Banks explore son côté hip-hop

Cet automne, Banks est revenue sur le devant de la scène avec un deuxième album tourmenté baptisé The Altar. Poursuivant les divagations pop R'n'B langoureuses qui avait fait de son premier album Goddess un petit diamant noir, l'artiste évoque ses angoisses et ses pulsations destructives sans se départir de sa voix de velours.

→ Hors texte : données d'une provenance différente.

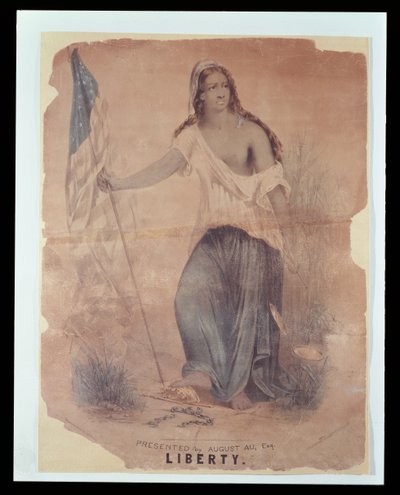 Poster della Guerra Civile Americana che rappresenta la Libertà, inciso da Hoffmann da American School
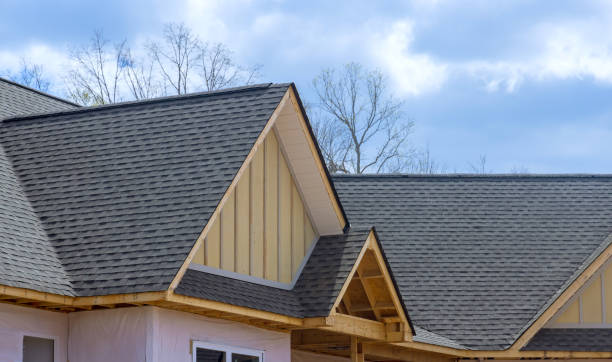 Best Roof Maintenance and Cleaning  in Panorama Village, TX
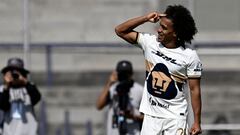 Panamá, el nuevo territorio puma gracias a Adalberto Carrasquilla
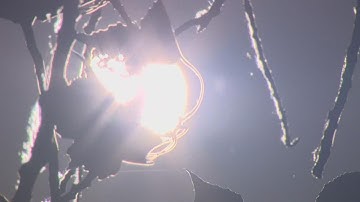 Texas heat wave: ERCOT sets power grid record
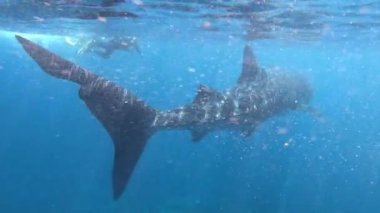 Ningaloo Resifi Hint Okyanusu 'nun batısında yüzen ve bir balina köpekbalığını fotoğraflayan tanınmamış bir erson. Balina köpekbalığı tropikal okyanusların açık sularında bulunur..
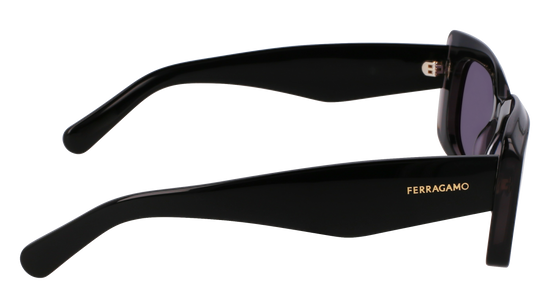 FERRAGAMO Sunglasses SF1079SN 22 54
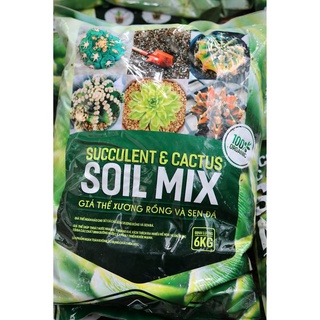 Đất Soil Mix trồng sen đá, xương rồng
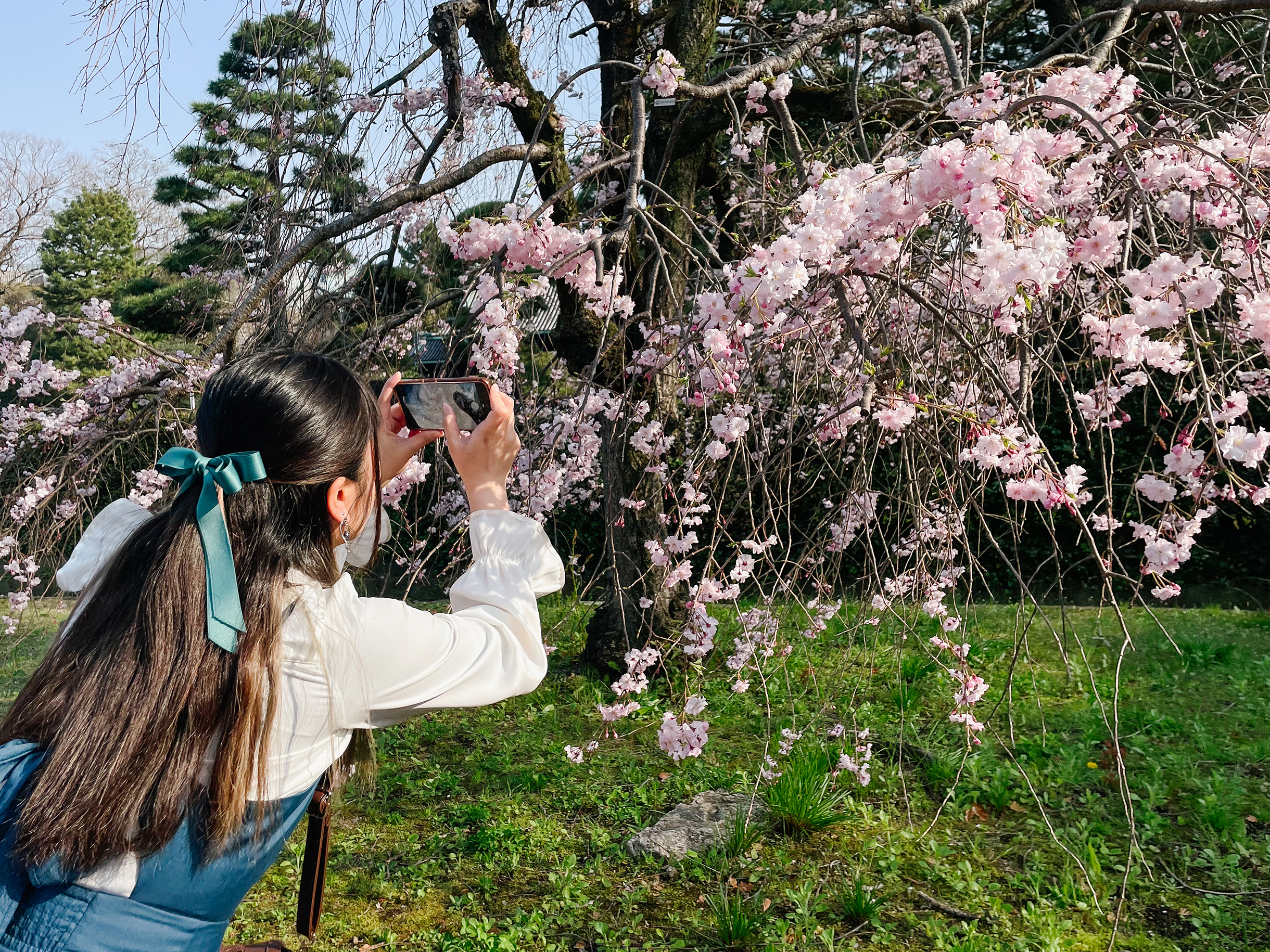 В этом году улица Инуи была открыта с 21 до 29 марта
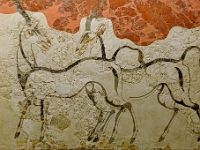 DSC 0353 ji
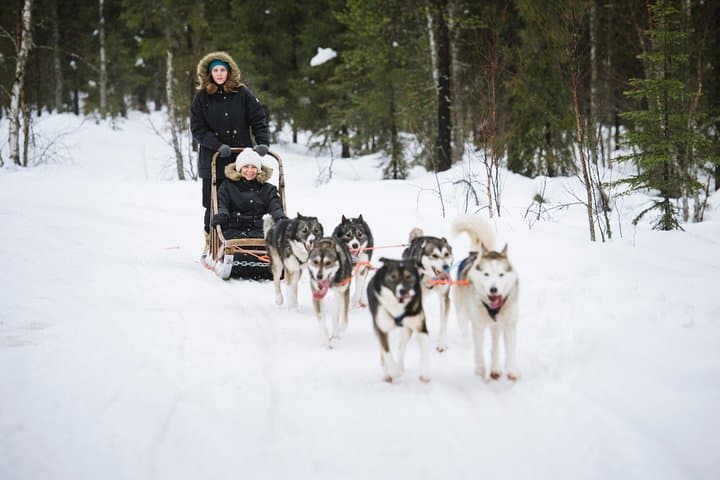 Dogsled Adventure in Kiruna: Icehotel Dog Sled Tours & Swedish Fika photo 6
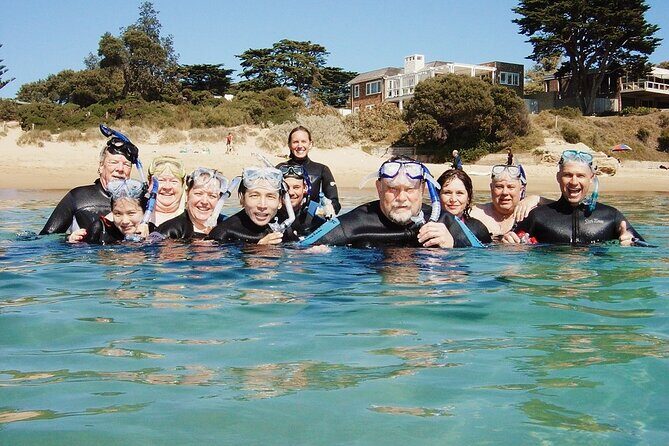 Port Phillip Bay Snorkeling with Sea Dragons - Practical Tips for Your Snorkeling Adventure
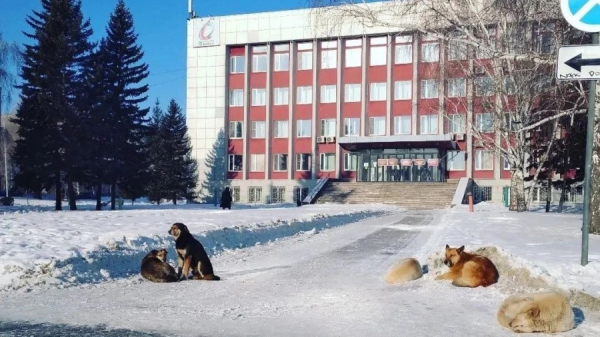 Алтайский омбудсмен — о QR-кодах, особых заключенных, гуманном отношении к собакам и черством — к людям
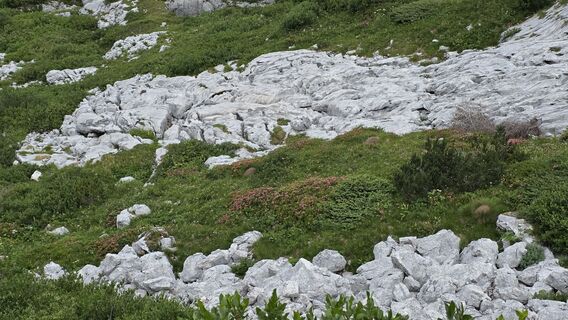 Foto von euterpe42 entlang der Tour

S'il a séduit les critiques, le disque est relativement passé inaperçu auprès du grand public. Alors, après Fuck With Myself, Gemini Feed ou Mind Games, la chanteuse opte pour un quatrième extrait officiel.

Avec sa production hip-hop incisive, renforcée par des rythmes bouncy, Trainwreck tranche radicalement avec ses précédentes compositions. Mais le choix s'avère judicieux puisque le morceau a toutes les chances de séduire les radios urbaines. Avec rage et langueur, Banks dresse le portrait d'une relation toxique dans laquelle elle se sent prisonnière.

Très léché, le clip de Trainwreck rappelle par moments l'univers trouble de Lady Gaga. Banks y apparaît aussi dangereuse que sensuelle, épiée et filmée par trois hommes au comportement inquiétant vêtus de masques. La chanteuse, qui prend peu à peu le pouvoir sur eux, alterne les séquences vulnérables et chorégraphiées.

Une mise en scène fiévreuse pour un single qui l'est tout autant !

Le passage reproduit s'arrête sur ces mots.